> **Data shown**

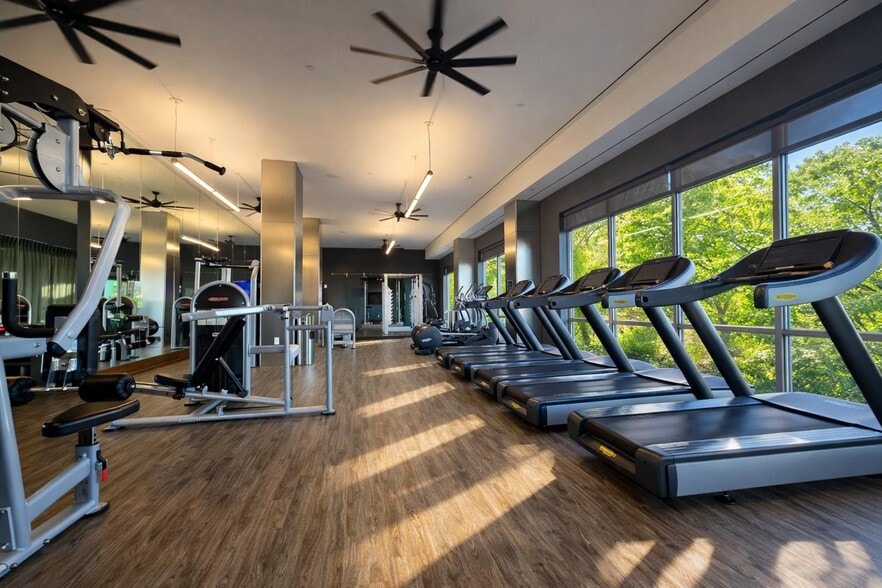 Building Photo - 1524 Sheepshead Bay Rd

---

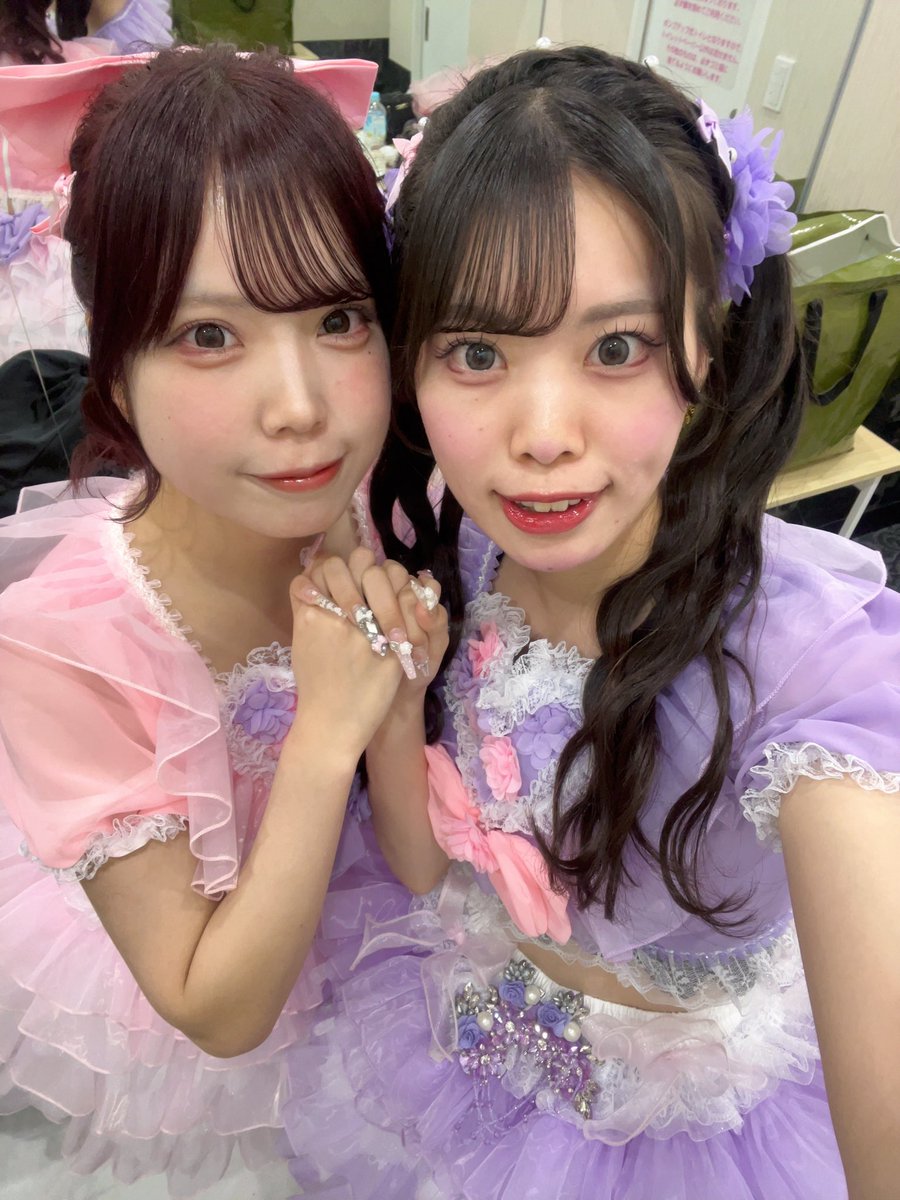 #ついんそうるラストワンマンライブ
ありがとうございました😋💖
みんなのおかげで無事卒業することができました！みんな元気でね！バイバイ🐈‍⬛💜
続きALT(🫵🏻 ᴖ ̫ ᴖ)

> **What you have to do**
Copy out, word for word, the part of the entries above that begins at the line with "みんなのおかげで無事卒業することができました！みんな元気でね！バイバイ🐈‍⬛💜" and ends at the line with "続きALT(🫵🏻 ᴖ ̫ ᴖ)", including both.

> **Problem solution**
みんなのおかげで無事卒業することができました！みんな元気でね！バイバイ🐈‍⬛💜
続きALT(🫵🏻 ᴖ ̫ ᴖ)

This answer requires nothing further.